### What is required
From the entries below, copy exactly the lines from the one that contains "Basilica Santo Angelo d'Acri景点图片" through the one that contains "Mr. Remake Man ミスターリメイクマン リメイクトラックパンツ pw", both included, and only those.
-- Records for the task follows --
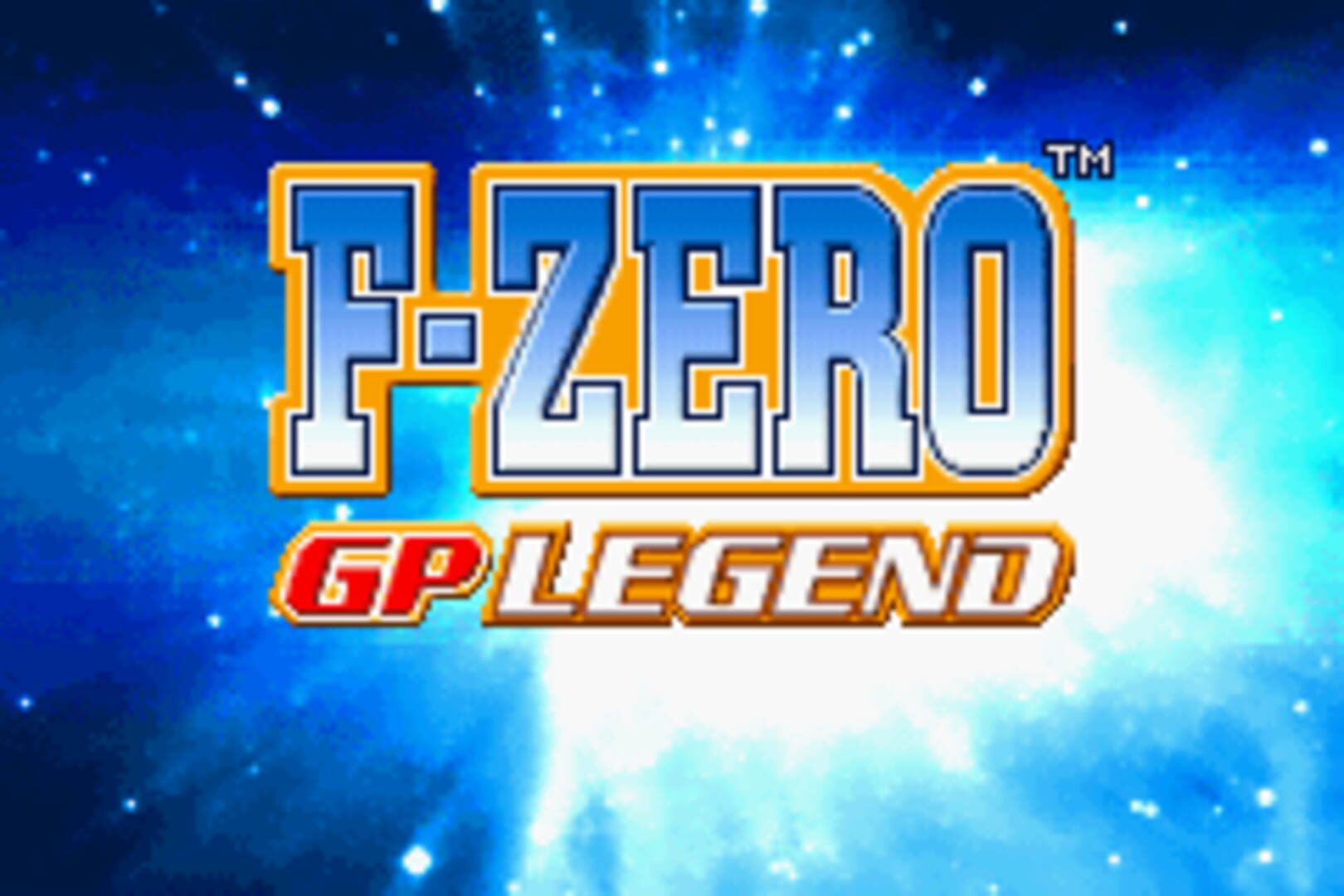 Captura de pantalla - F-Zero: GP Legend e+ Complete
-- Records for the task concluded --
-- Records for the task follows --
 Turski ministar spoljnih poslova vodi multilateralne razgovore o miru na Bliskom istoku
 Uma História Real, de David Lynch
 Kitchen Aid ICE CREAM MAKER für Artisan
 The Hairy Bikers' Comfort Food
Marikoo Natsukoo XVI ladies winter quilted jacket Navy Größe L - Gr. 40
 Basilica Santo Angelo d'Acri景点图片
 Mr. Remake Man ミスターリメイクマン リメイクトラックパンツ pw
-- Records for the task concluded --
### Response area
 Basilica Santo Angelo d'Acri景点图片
 Mr. Remake Man ミスターリメイクマン リメイクトラックパンツ pw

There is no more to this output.